* WORK INSTRUCTIONS: After locating the line with "9780394825687-0394825683-Emperors New Clothes", repeat it and every following line to the end of the listing, exactly. Omit the pictures.

━━ PROVIDED MATERIAL

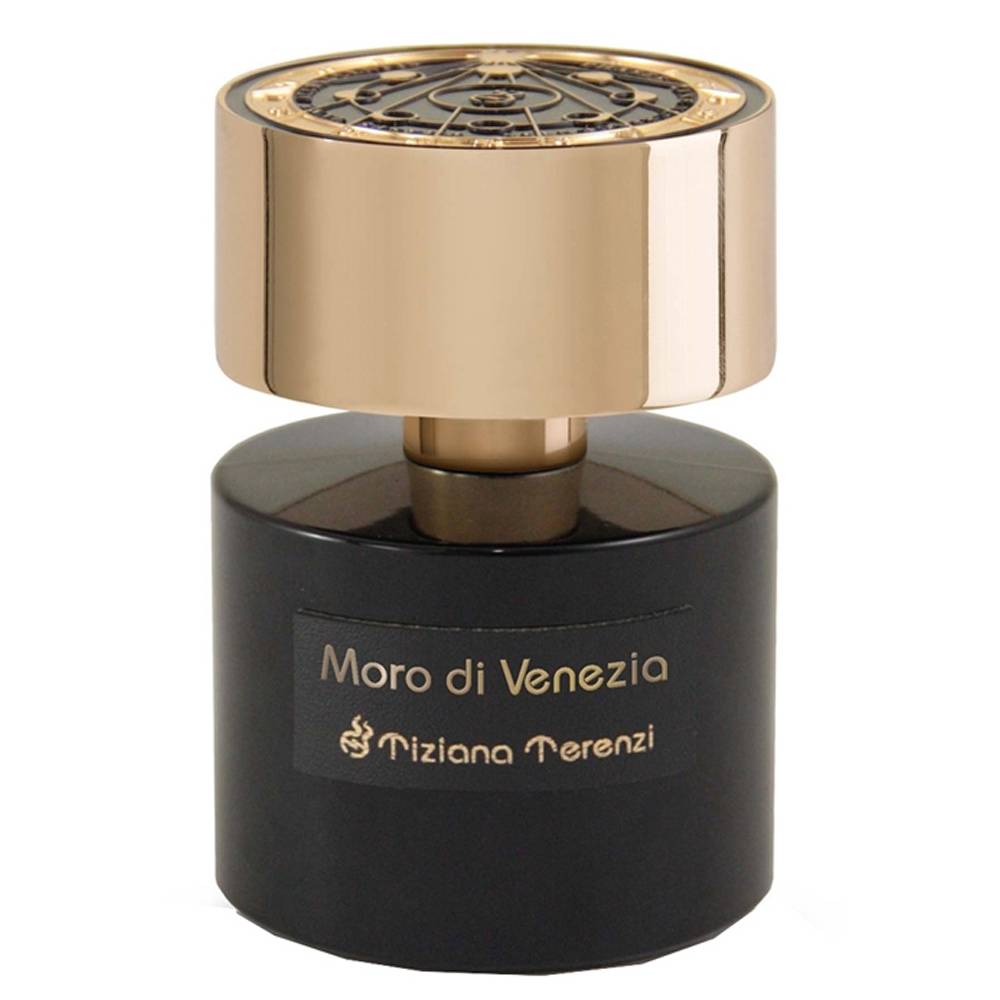 Barney's New York Exclusive Moro Di Venezia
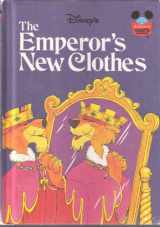 9780394825687-0394825683-Emperors New Clothes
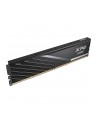 adata Pamięć XPG Lancer Blade DDR5 6000 32GB (2x16) CL36 czarna - nr 25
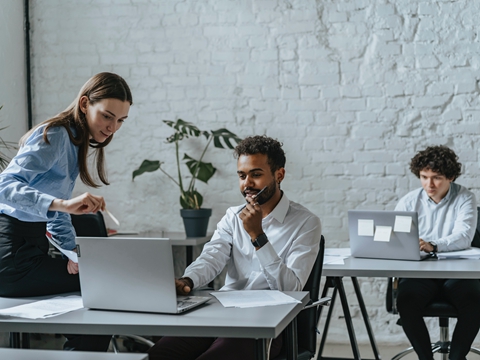 申根簽證拒簽后上訴：15至30天內(nèi)需準(zhǔn)備事項(xiàng)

━━━━

* RESULT OF THIS TASK:
 9780394825687-0394825683-Emperors New Clothes
 adata Pamięć XPG Lancer Blade DDR5 6000 32GB (2x16) CL36 czarna - nr 25
 申根簽證拒簽后上訴：15至30天內(nèi)需準(zhǔn)備事項(xiàng)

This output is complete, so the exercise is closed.